Ilość wyświetleń tematu: 1011

Nowy temat Wyślij odpowiedź
...
Napisał(a)
Zgłoś naruszenie
Początkujący
Szacuny 0 Napisanych postów 1 Wiek 29 lat Na forum 9 lat Przeczytanych tematów 43
Cześć,
Przede wszystkim chciałbym się przywitać i z góry przeprosić za ewentualne głupoty- to mój pierwszy dzień, temat i post na tym forum.

Jak w tytule, mam przed sobą w zasadzie ostatnią szansę na w pełni świadomą, wymagającą motywacji redukcję masy ciała, jednak jest to dla mnie jeszcze trudniejsze niż „typowa” redukcja- ale żeby wytłumaczyć dlaczego, opowiem Wam swoją krótką historię, żeby można było mnie lepiej zrozumieć.

Już od podstawówki bardzo często męczyły mnie bóle głowy, które potrafiły trwać nawet trzy- cztery dni. Wszyscy uważali to za w miarę normalne zjawisko, bo w mojej rodzinie pełno wysokociśnieniowców, migrenowców itp, itd. Jasne, u lekarza opowiadaliśmy co się dzieje- neurolog dziecięcy- tabletki- i na tym się kończyło.
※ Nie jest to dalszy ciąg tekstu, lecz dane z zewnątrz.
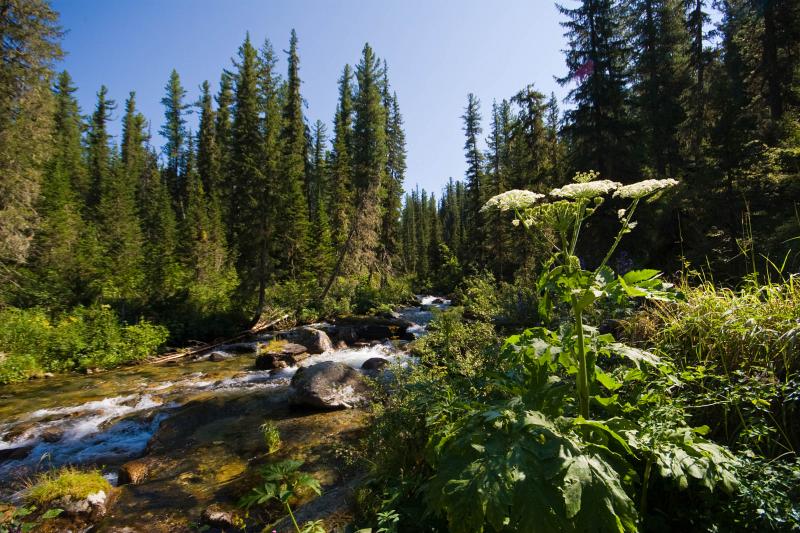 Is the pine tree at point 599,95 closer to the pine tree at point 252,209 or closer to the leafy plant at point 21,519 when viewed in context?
the pine tree at point 252,209

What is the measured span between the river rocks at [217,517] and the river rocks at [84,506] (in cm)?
145

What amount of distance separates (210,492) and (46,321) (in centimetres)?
1455

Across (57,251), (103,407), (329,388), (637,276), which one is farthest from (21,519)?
(57,251)

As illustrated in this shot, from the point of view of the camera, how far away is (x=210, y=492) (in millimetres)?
5426

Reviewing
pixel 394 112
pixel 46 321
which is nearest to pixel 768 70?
pixel 46 321

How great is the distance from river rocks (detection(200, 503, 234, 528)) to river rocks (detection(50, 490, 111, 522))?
1448mm

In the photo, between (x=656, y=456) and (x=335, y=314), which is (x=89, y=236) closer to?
(x=335, y=314)

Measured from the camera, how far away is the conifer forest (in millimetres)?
2139

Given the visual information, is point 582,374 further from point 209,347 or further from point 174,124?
point 174,124

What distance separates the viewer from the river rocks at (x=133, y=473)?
5980 mm

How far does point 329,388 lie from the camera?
336 inches

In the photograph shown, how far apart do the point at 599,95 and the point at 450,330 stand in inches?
690

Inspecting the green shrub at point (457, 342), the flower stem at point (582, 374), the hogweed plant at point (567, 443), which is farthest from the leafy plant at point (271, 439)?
the flower stem at point (582, 374)

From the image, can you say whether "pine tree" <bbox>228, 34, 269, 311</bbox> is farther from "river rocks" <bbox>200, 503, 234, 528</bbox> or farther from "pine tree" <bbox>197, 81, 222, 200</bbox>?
"pine tree" <bbox>197, 81, 222, 200</bbox> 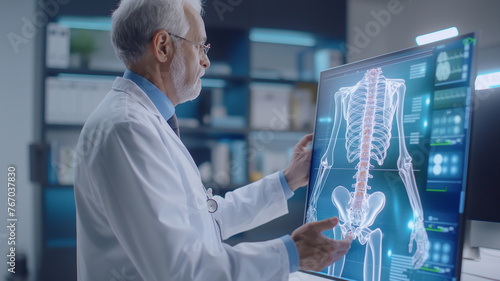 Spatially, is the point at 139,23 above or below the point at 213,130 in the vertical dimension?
above

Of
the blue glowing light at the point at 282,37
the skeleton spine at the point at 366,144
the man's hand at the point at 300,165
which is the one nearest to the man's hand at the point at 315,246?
the skeleton spine at the point at 366,144

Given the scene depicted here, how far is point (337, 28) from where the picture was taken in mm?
3078

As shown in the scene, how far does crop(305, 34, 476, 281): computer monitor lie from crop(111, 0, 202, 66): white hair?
20.2 inches

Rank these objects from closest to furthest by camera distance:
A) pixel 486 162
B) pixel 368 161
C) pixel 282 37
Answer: pixel 368 161, pixel 486 162, pixel 282 37

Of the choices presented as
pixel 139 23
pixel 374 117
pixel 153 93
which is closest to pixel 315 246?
pixel 374 117

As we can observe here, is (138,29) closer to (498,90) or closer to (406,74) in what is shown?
(406,74)

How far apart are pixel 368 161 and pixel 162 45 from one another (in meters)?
0.67

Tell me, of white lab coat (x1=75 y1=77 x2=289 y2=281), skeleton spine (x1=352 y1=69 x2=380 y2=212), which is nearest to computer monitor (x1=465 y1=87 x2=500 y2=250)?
skeleton spine (x1=352 y1=69 x2=380 y2=212)

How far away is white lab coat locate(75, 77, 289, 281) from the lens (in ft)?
2.55

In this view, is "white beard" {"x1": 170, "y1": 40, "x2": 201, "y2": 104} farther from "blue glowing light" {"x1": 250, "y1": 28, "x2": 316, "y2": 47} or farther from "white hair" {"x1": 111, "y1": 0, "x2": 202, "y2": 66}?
"blue glowing light" {"x1": 250, "y1": 28, "x2": 316, "y2": 47}

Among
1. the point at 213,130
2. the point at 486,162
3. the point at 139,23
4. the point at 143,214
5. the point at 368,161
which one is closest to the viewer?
the point at 143,214

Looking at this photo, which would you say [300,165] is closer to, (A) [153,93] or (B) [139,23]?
(A) [153,93]

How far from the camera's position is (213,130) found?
273cm

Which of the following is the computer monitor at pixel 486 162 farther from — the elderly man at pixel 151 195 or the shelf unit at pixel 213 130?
the shelf unit at pixel 213 130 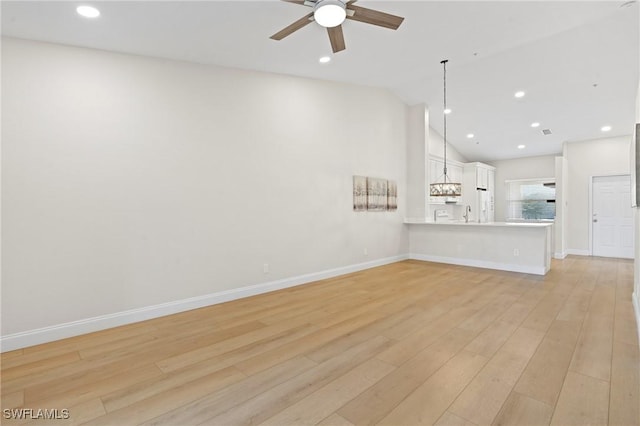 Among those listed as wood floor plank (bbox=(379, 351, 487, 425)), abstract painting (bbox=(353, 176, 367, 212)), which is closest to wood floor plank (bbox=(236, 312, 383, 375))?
wood floor plank (bbox=(379, 351, 487, 425))

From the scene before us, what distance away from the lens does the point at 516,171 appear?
937 centimetres

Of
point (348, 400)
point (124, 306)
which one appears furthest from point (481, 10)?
point (124, 306)

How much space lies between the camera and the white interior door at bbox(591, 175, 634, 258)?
23.0 feet

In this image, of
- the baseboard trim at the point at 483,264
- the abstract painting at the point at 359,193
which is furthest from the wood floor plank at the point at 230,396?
the baseboard trim at the point at 483,264

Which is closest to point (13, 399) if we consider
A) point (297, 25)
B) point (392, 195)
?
point (297, 25)

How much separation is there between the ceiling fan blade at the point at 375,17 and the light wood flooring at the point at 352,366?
9.43 feet

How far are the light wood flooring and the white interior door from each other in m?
4.63

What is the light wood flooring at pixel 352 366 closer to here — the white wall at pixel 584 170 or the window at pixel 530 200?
the white wall at pixel 584 170

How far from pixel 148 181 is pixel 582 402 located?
4.11 meters

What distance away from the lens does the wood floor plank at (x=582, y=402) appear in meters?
1.68

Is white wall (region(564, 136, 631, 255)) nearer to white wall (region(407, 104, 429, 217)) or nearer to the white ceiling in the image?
the white ceiling

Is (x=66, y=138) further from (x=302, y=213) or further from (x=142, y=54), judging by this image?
(x=302, y=213)

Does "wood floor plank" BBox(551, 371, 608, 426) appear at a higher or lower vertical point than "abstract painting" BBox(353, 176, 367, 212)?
lower

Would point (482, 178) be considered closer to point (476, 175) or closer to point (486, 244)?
point (476, 175) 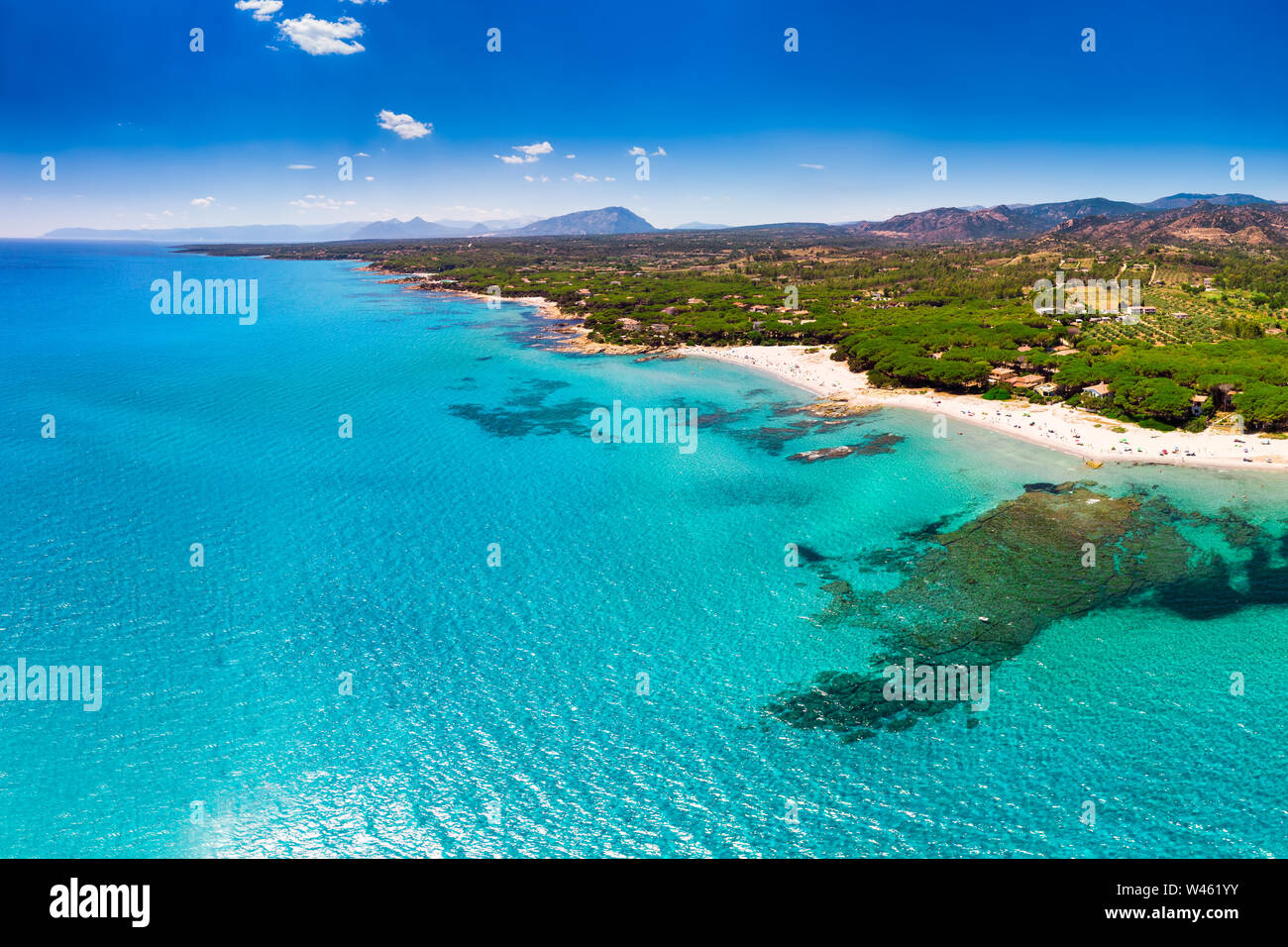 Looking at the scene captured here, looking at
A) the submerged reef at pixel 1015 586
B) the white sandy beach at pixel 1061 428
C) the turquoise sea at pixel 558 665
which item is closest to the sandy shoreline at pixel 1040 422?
the white sandy beach at pixel 1061 428

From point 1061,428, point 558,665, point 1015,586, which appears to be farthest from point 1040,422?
point 558,665

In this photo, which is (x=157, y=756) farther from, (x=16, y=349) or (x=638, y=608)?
(x=16, y=349)

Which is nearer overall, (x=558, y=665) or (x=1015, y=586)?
(x=558, y=665)

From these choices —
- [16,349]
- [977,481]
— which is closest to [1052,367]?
[977,481]

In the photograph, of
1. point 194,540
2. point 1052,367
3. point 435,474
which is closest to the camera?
point 194,540

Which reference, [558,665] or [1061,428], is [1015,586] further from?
[1061,428]

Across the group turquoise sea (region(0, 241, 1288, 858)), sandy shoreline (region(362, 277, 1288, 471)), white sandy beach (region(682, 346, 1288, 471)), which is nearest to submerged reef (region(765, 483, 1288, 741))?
turquoise sea (region(0, 241, 1288, 858))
Czas tak leciał, żyłem z tymi bólami i jakoś dawałem radę funkcjonować bez większego problemu; skończyłem gimnazjum, dostałem się do dobrego liceum i nawet zacząłem realizować jedno ze swoich marzeń- osiągnąć mistrzowski poziom w jednej ze sztuk walki, które od razu pokochałem- Karate i Muay Thai (niestety- z pieniążkami w mojej rodzinie nigdy nie było jakoś super- kolorowo, a że MT było tańsze, to właśnie to wybrałem). No i tak się zaczęła praca i droga w kierunku spełnienia marzeń, które mój ojciec popierał i tym samym mnie motywował. Przez ponad rok nie opuszczałem treningów, ćwiczyłem w domu, a kiedy dostałem licencję zawodniczą, rozpierała mnie duma i widziałem powoli ten punkt, w którym z ucznia staję się wojownikiem. Wtedy jednak wszystko się popieprzyło...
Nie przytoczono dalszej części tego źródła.